Phase 3 — Listening Loop: Client begins sending audio_chunk messages continuously (every 0.5 seconds, float32 PCM 16kHz). The server feeds each chunk into StreamingVAD. When speech is detected, the server sends vad_state: {speaking: true}. The client should display a "listening" indicator.

Cold start guard: For the first 0.5 seconds after prepared, all VAD results are ignored to filter out microphone initialization noise.

Phase 4 — Speech End & Generation: When VAD detects sustained silence (configurable via min_silence_duration_ms, default 800ms), the accumulated speech segment is finalized. The server sends vad_state: {speaking: false} followed immediately by generating with speech_duration_ms. The speech segment is encoded as audio content and prefilled into KV Cache, then streaming generation begins. Each generated token produces a chunk message with text_delta and audio_data.

Phase 5 — Turn Completion: When generation finishes, the server sends turn_done with the turn_index (0-based counter) and the full text of this turn. The client should play back all received audio. During playback, the client must stop sending audio_chunk to prevent echo feedback (the model would otherwise hear its own voice). After playback completes, the client waits an additional ~800ms buffer, then resumes sending audio_chunk to start the next turn.

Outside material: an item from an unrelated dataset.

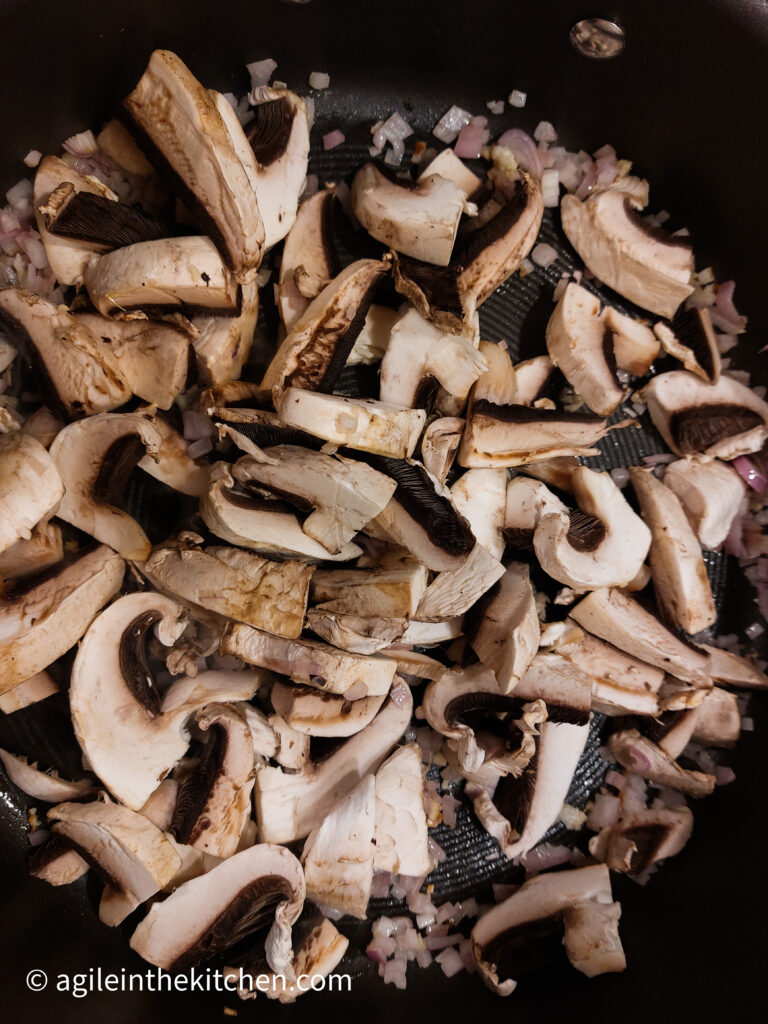 In a pot, sliced mushrooms cooking down.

Phase 6 — Termination: The session ends in one of three ways: - Client stop: Client sends stop. Server sends stopped and releases the GPU. - Timeout: If no audio_chunk is received for timeout_s seconds (default 180), the server sends timeout with elapsed_s and releases the GPU. - External stop: An HTTP POST /api/half_duplex/stop with the session_id forces generation to stop mid-turn.

After termination, the session recording is finalized and available for playback.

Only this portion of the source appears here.